** Given records follows **

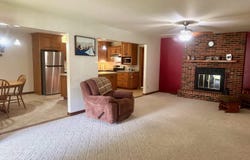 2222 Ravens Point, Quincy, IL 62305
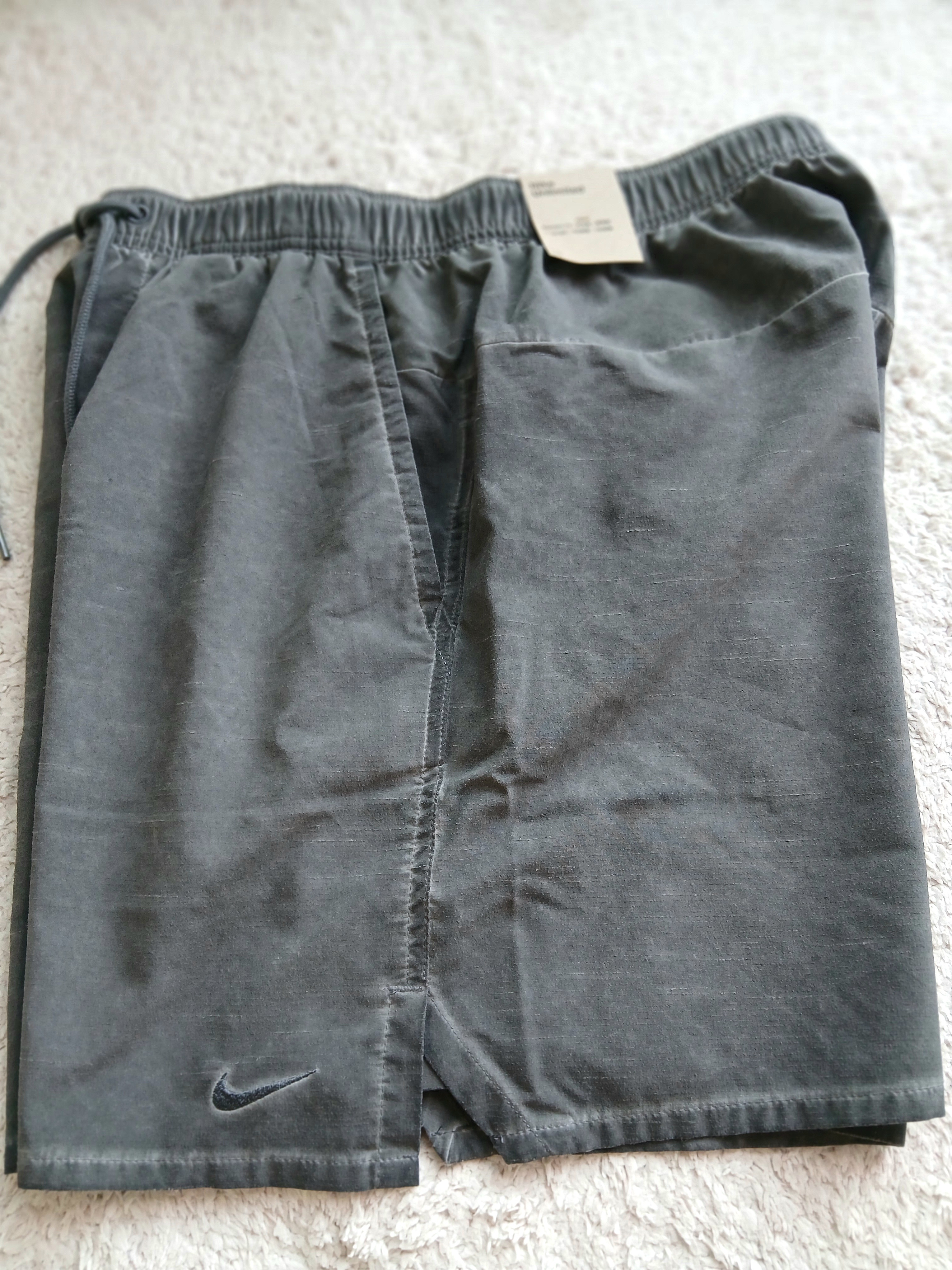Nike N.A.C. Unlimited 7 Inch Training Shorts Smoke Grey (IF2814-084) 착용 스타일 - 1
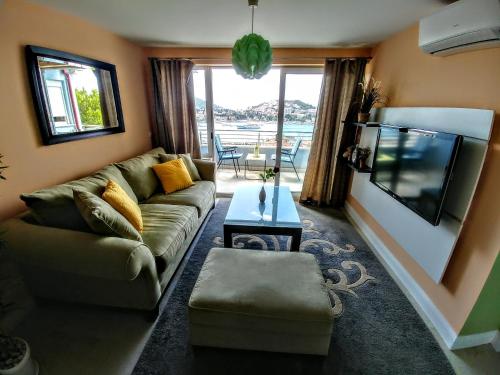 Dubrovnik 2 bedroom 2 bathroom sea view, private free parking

** End of Given records **
** Given records follows **

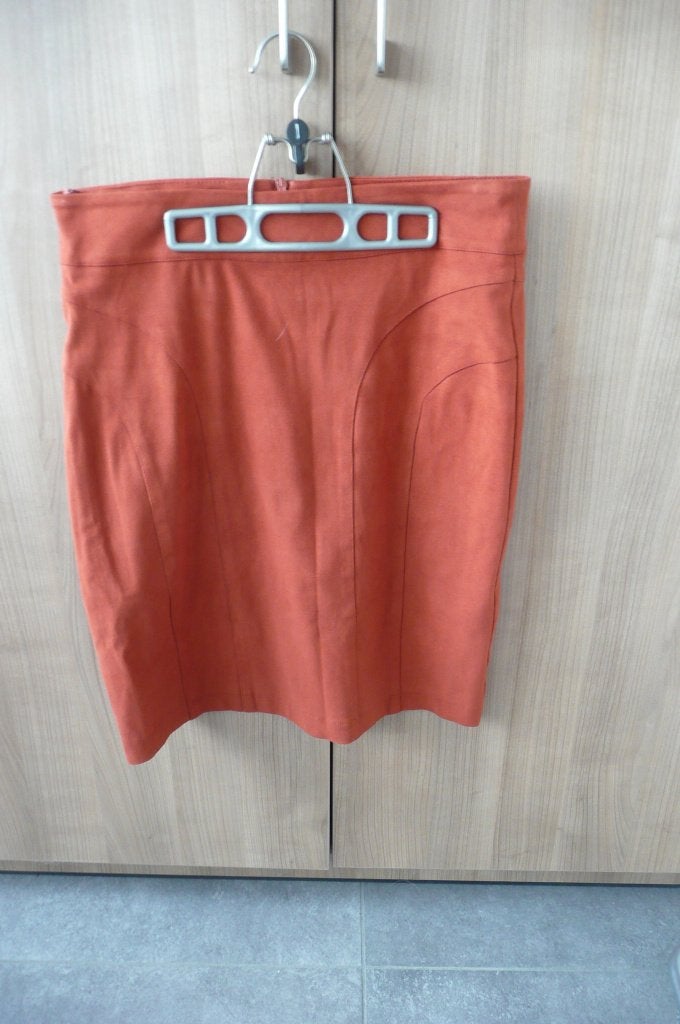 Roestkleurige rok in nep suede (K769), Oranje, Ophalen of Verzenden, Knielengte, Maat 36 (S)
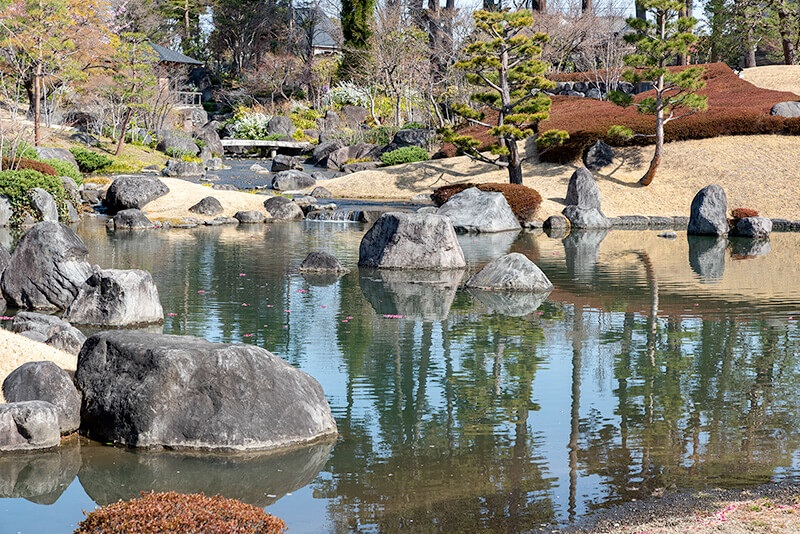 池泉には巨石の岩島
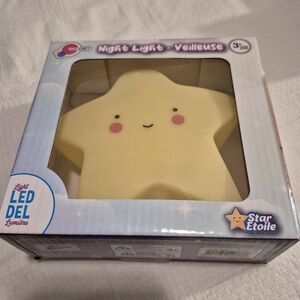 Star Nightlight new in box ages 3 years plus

** End of Given records **
** Given records follows **

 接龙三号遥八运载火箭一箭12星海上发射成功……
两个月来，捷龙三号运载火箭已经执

** End of Given records **

How to complete this task: Exactly the lines above, from the one containing "Roestkleurige rok in" down to the one containing "Star Nightlight new in box ages 3 years plus", are to be repeated, including both ends. Pictures are not part of the copy.

Result of the task:
 Roestkleurige rok in nep suede (K769), Oranje, Ophalen of Verzenden, Knielengte, Maat 36 (S)
 池泉には巨石の岩島
 Star Nightlight new in box ages 3 years plus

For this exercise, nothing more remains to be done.